[oclug]Moral Problem

Francis J. A. Pinteric linuxdoctor at linux.ca
Wed Nov 13 18:24:19 EST 2002


On 13 Nov 2002 18:01:50 -0500
Mike Redan <mike at jeke.fdns.net> wrote:

> Morally I think you would be standing on firm ground to release purify,
> but legally you might be a bit shakey...remember Max Vision (Butler)?
> http://www.wired.com/news/politics/0,1283,44007,00.html
> 
> his "fix" had an obvious bad side to it, but by you fixing the bugs
> Slapper, it could be seen as malicious..
> 
> be careful.

Well, in point of fact, I didn't change Slapper at all. I just exploited the bugs and developed a work around to make it work as it's supposed to. (Although I do have a modifed slapper with the bugs fixed -- which will never see the light of day).

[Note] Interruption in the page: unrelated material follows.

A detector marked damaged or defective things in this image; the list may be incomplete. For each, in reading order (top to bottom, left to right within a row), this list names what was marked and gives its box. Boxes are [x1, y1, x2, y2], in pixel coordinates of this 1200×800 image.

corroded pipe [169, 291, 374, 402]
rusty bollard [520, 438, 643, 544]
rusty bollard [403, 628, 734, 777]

However, I am aware that releasing a programme that is designed to specifically talk to slapper could be used to do other things as well. It's one thing to write a programme that exploits a bug in a legitimate programme, but is a programme that expoits bugs in a programme whose aims are illegitimate the same sort of thing? If you are interesting in doing harm to another system, why not use Slapper itself and not my little programme which relies on a previously infected system to start with? The exploit that Slapper uses to compromise a system is well known and available, so why not use that? My programme simply looks for already compromised systems, informs the users of that system of the fact, and kills of the currently running copy.

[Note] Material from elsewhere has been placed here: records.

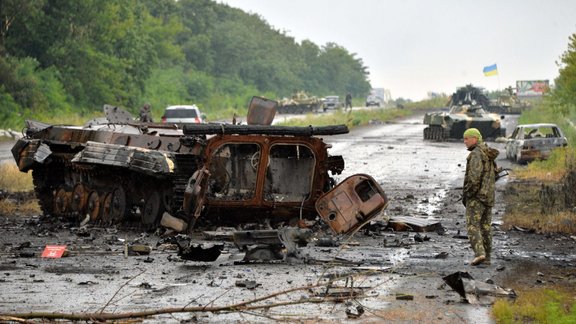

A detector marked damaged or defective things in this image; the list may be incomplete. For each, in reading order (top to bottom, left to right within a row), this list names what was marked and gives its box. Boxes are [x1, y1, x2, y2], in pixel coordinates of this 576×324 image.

burned armored vehicle [276, 91, 324, 115]
burned armored vehicle [420, 85, 506, 141]
burned out vehicle cab [424, 84, 504, 140]
burned armored vehicle [11, 96, 388, 233]
burned car [11, 96, 388, 233]
charred truck body [11, 97, 388, 234]
burned out vehicle cab [11, 97, 388, 234]
burned car [504, 124, 568, 165]
wrecked wheel [141, 190, 163, 225]
charred metal panel [312, 173, 390, 234]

But these issues are really avoiding the main question. I guess I can paraphrase what I'm asking as this: is hunting virii in the wild moral? Is attacking a system and killing the virus that infected mine an act of self defence? What about sending a mail message to everyone on the system? Is that acceptable, or over the top?

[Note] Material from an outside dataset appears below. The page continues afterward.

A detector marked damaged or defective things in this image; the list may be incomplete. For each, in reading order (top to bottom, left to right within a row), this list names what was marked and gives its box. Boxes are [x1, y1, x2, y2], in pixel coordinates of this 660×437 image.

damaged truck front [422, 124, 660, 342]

As for releasing the code, I intend to. I'm just wondering if I am going to first extend it in the manner I mentioned to turn it into a Great Slapper Hunter or will leave it as programme that simply kills the virus on the system whose IP address you pass as an argument. 
Currenltly, I'm keeping my apache server running and with a little script check for the arrival of Slapper. Once there, it extracts the attacker's IP address and then kills it, with the blast of mail messages to every user on that system. But there is SO MUCH MORE that I can make it do. I'm sort of intriqued by the Great Slapper Hunter that actively goes out on the Web and tracks them down and kills them.